Optimization is simply the act of taking existing code and making it run more efficiently. This does not necessarily mean faster, as it is certainly possible to optimize code for storage size or for end user efficiency (work flow) or any number of other factors that management/clients deem important. For homebrew development, the key things that need to be optimized for are memory use and speed. This makes sense as the storage space on a cartridge is very limited. Likewise, frame rates are always important to maintain. One of the interesting things about doing homebrew development is it brings home how much optimization techniques have changed over the years.

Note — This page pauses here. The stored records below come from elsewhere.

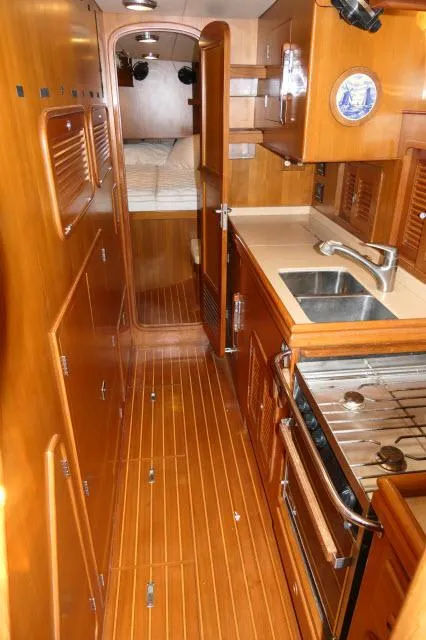 Slide: The Image of 2002 Tayana 460 Vancouver Pilothouse galley with wood finish, stove, and sink. - 30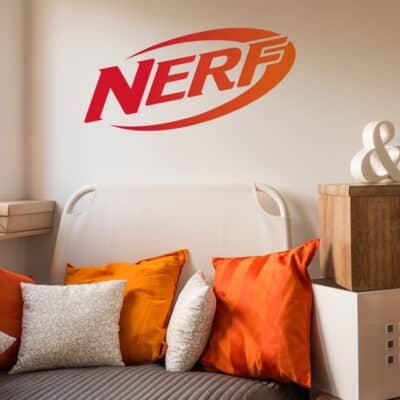Nerf wall sticker shown on a light beige bed behind a light cream sofa with orange and white pillows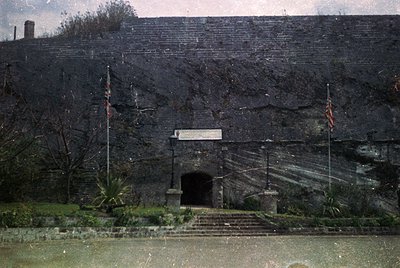 Historic stone entrance tunnel with arched doorway, flanked by two flagpoles. Surrounding vegetation includes sparse trees an...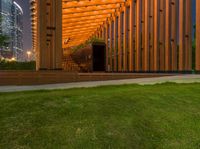 a view of the back of a wooden building with stairs leading to it and a grass area with benches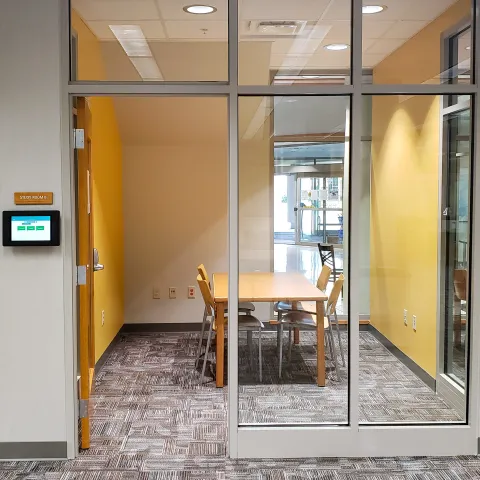 small room with table and chairs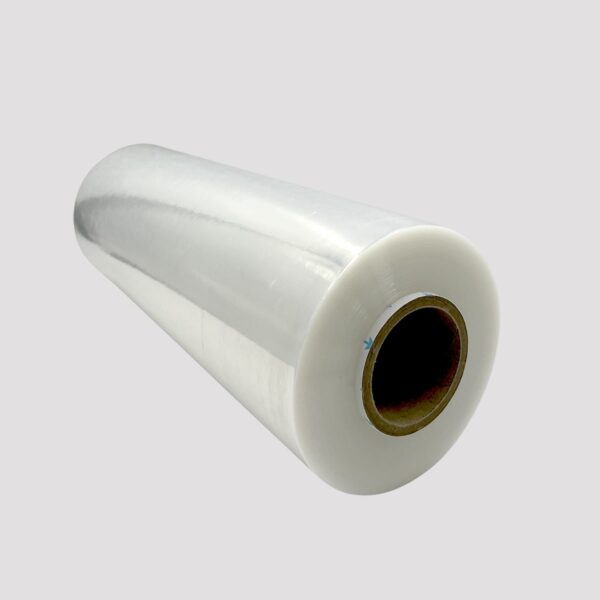Roll of clear hand stretch wrap film with cardboard core, shown against a light gray background. Used for securing pallets and packaging in shipping or warehouse settings.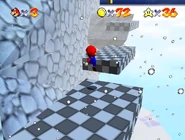 The checkered platforms leading to the item box with the warp.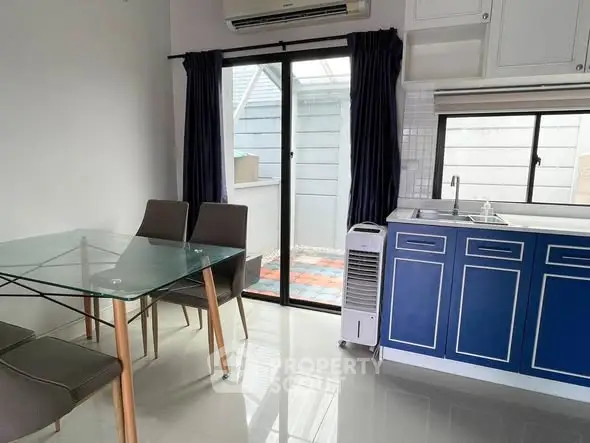 Modern kitchen with blue cabinets and glass dining table in bright interior.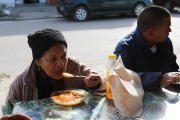 Una mujer y un hombre se alimentan en un comedor social de Villa Fiorito, en Buenos Aires, el pasado mes de junio.-RODRIGO GARCÍA (EFE)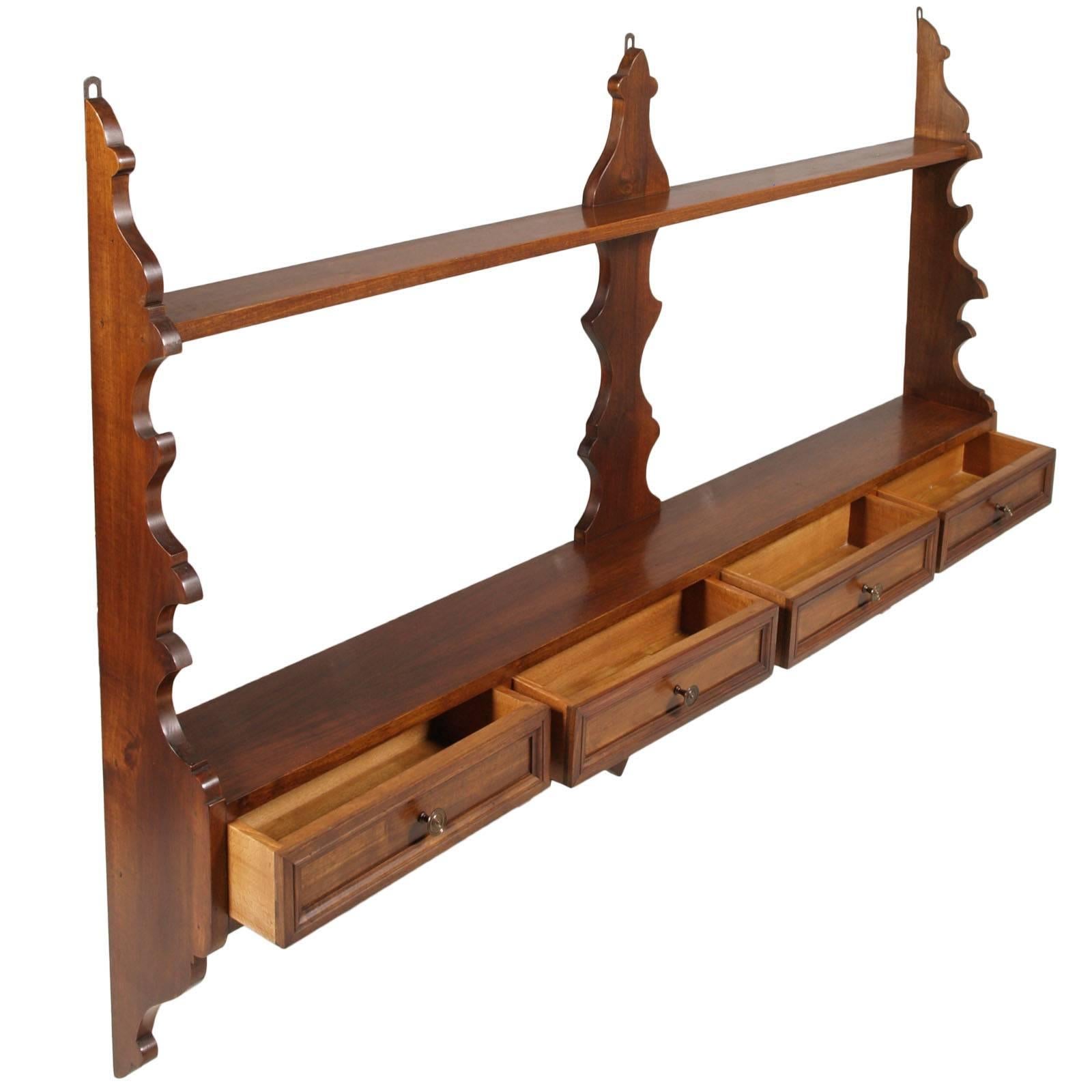 An excellent Mid-Century Italian Tyrolean kitchen shelf or plate rack, with four drawers in massive blond walnut,  wax polished.
A very useful item for your kitchen, tavern, country house or house at the sea

Measure cm: H 102 x W 160 x D 18.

The scariest change in optimizing is the “why don’t you just use the -O3 flag?” response that less experienced programmers give. I find this scary because it is an indication that compilers have become some type of magic tool to some people. Compiler optimization switches simply tell the compiler to take extra time to produce more efficient machine code. When you consider how lousy the code compilers produced use to be, this is very impressive. In the “old” days, your average assembly language programmer could write better code than the best compiler could produce. Now you need to be a really good assembly language programmer to produce better code making writing assembly language a mostly obsolete skill. Knowing how the machine works, however, will always be important so I do believe that all real programmers should know some assembly language even if they never use it.
It use to be possible to write faster code by employing techniques such as code re-ordering and loop unrolling. This is now done by the compiler when optimization is enabled. As code re-ordering and loop unrolling resulted in ugly and hard to understand code this is an improvement that I actually like.
The biggest change that has happened, and will probably continue to happen, is shifting bottlenecks. When I started programming, floating point was something you used as a last resort as is was so much slower than using integers. Integer techniques such as Fixed point math were used as despite the extra instructions and complexity they were still faster than floating point math. Now floating point is just as fast as integer math, and in certain cases may be faster.
Today’s biggest bottleneck is probably memory. We are now at a point in time where RAM access speeds are significantly slower than the speed that the processor is running at. I have heard it claimed that a cache miss will result in over a hundred cycle delay. This means that techniques such as lookup tables may be a lot slower than you would expect. In a few years this will probably change as technological solutions to the RAM bottleneck are discovered. At which point a new bottleneck will appear causing optimizers to have to change their techniques yet again.
Ultimately the best form of optimization is the same as it always has been. Simply to understand the problem enough that you can develop a better algorithm for solving it. This often requires thinking outside of the box which is something a compiler simply can’t do. When compilers get to the point that they are able to do this for the programmer, we should be very worried as the robot overlords will be soon to follow.